**Task instructions:** Transcribe the data that follows without changing a word, and omit the pictures.

**Dataset extract:**
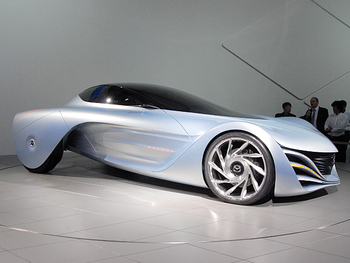 第40回東京モーターショー2007 - モーターショーの花形、近未来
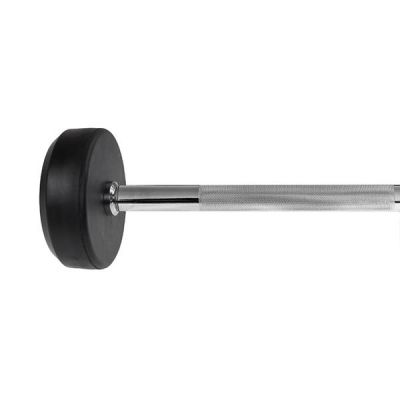 26. Gummierte Langhantel/Stange HMS 30 kg GSG-30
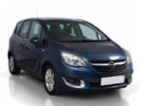 Opel Meriva, 1.4 Turbo, Serv.kniha, Klima,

**Exercise result:**
 第40回東京モーターショー2007 - モーターショーの花形、近未来
 26. Gummierte Langhantel/Stange HMS 30 kg GSG-30
 Opel Meriva, 1.4 Turbo, Serv.kniha, Klima,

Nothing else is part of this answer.